┌──

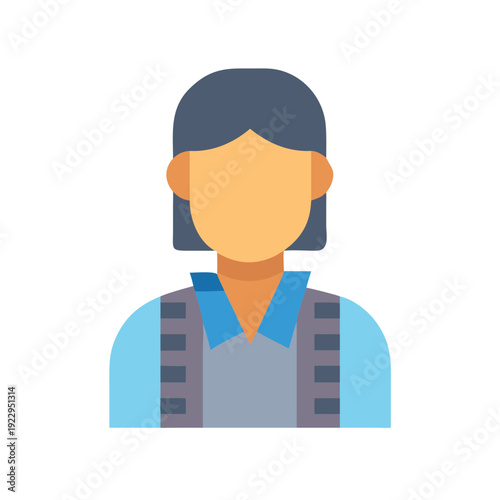 Flat vector illustration of a woman avatar wearing a vest on black background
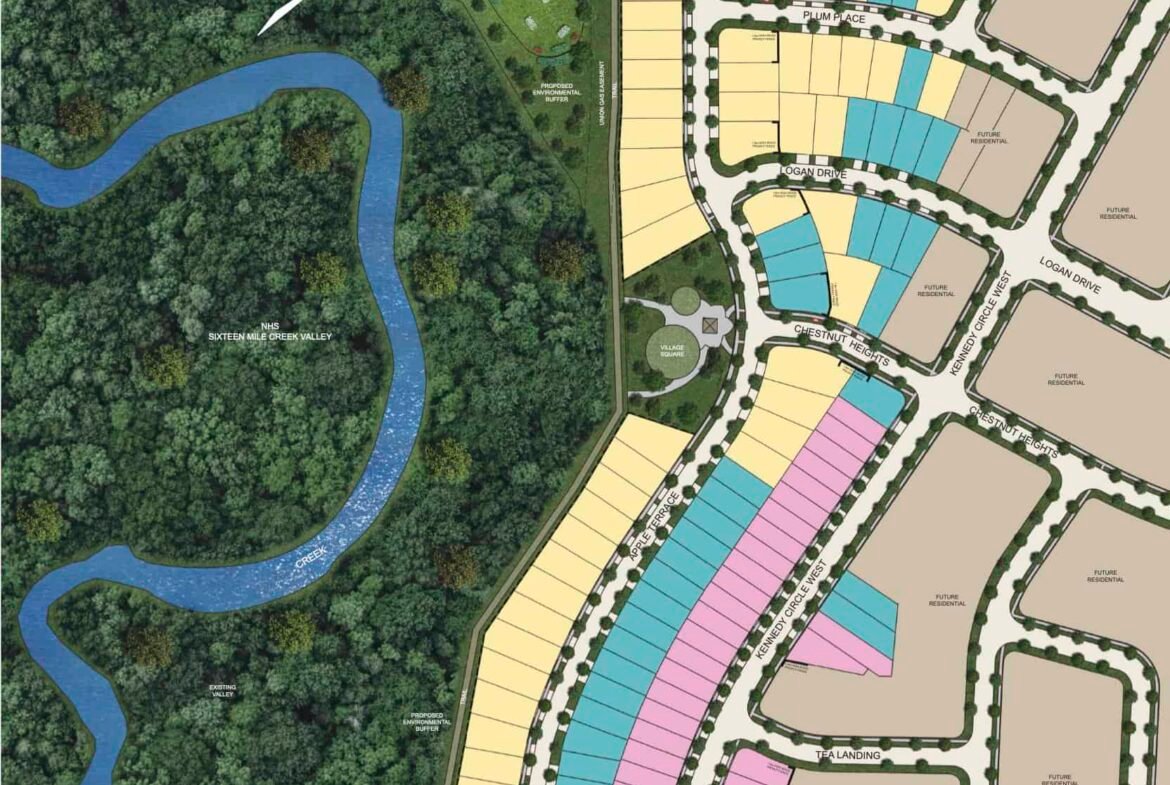 Explore the map of a residential development area by the Valleylands at Sixteen Mile Creek displaying new homes. It features vibrant plots, a creek, wooded areas, and clearly labeled roads. A Fieldgate Homes logo and a legend with plot types offer further insights.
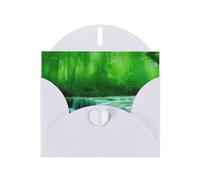 6x4-inch White Green Trees Small Waterfalls print Greeting Card Set with Envelope - Wedding/Birthday Invitations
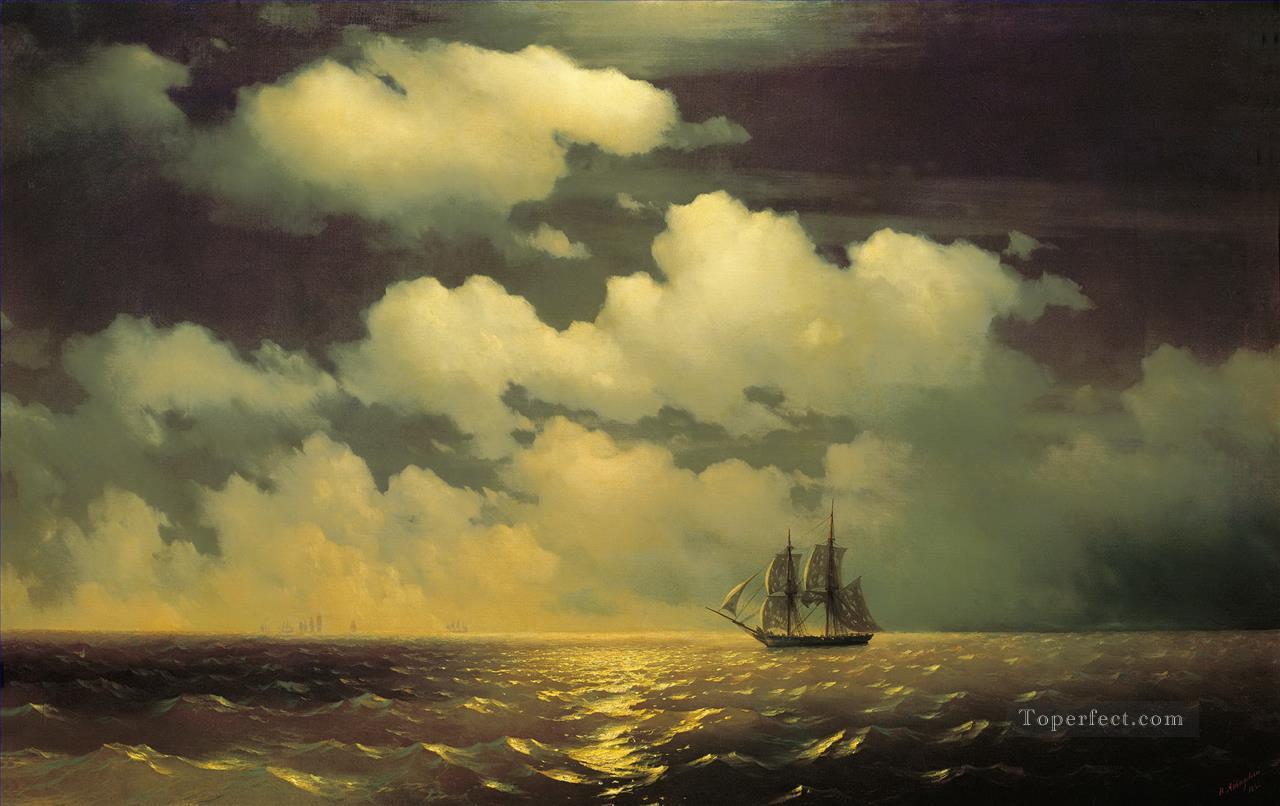 Ivan Aivazovsky meeting of the brig mercury with the russian squadron after the defeat of two turkish Seascape Oil Paintings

└──

■ Your instructions
The answer should consist only of the lines from the line with "6x4-inch White Green" through the last line of the data, repeated exactly; pictures stay out.

■ Answer to this task
 6x4-inch White Green Trees Small Waterfalls print Greeting Card Set with Envelope - Wedding/Birthday Invitations
 Ivan Aivazovsky meeting of the brig mercury with the russian squadron after the defeat of two turkish Seascape Oil Paintings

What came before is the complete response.